Filmausschnitt: "Und wieder ein Sommer, und wieder ein schöner Sommertag."
Wenders: "Wir mussten uns zwischendurch alle zwicken"
Immer wieder geht die Kamera, die meist sehr langsam und in kluger Distanz um das Paar auf der Terrasse kreist, zu dem Mann an der Schreibmaschine ins Haus. Wir sehen sozusagen Wim Wenders selbst bei der Arbeit zu, erleben, wie er, der Autor, Figuren erschafft, Ideen verwirft, Details verändert, den Protagonisten Worte schenkt, die sein Innerstes nach außen kehren. An seiner Seite: eine Jukebox der Marke Wurlitzer, voller seelenvoller Songs zur Inspiration. Da versinkt der Schriftsteller denn auch mal in seinen Vorstellungen und hat plötzlich Nick Cave, singend, am Flügel, in seinem Domizil. In Momenten wie diesen wird die Kraft des Träumens, wie sie nur das Kino kennt, aufs beste beschworen.
Wim Wenders: "Das hat sich so angefühlt beim Machen, dass da wirklich ein Traum sich erfüllt, wir mussten uns zwischendurch alle zwicken, 'Warum ist das so einfach, Filme zu machen?' Wir wollten gar nicht aufwachen. Wir mussten auch gar nicht aufwachen."

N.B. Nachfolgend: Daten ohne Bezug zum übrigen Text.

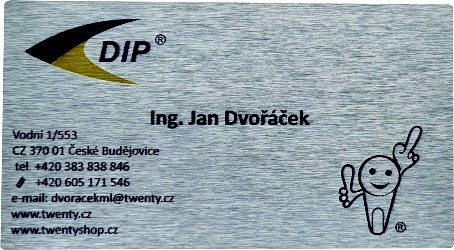 Produkt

In der Bildgestaltung hat der Maler Wim Wenders das Sagen. Der üppige Garten mit seinen Wiesen, Blumen und Bäumen, wo übrigens Peter Handke kurz als Gast im Minipart eines Büsche schneidenden Gärtners auftaucht, wird zur idealen Bühne für den reichen Gedankenaustausch über den Sinn des Menschseins.
Filmemacher als Erzähler, Fotograf und Maler
Wim Wenders: "Filmemachen ist ja so was, was alles beinhaltet. Da ist man halt Erzähler, und Fotograf, und Maler und Requisiteur, und Anwalt und alles mögliche in einer Person. Und Filme versuchen halt, die Zeit irgendwie so komplex wie möglich, auszudrücken. Dazu hat für mich immer auch das Malen gehört."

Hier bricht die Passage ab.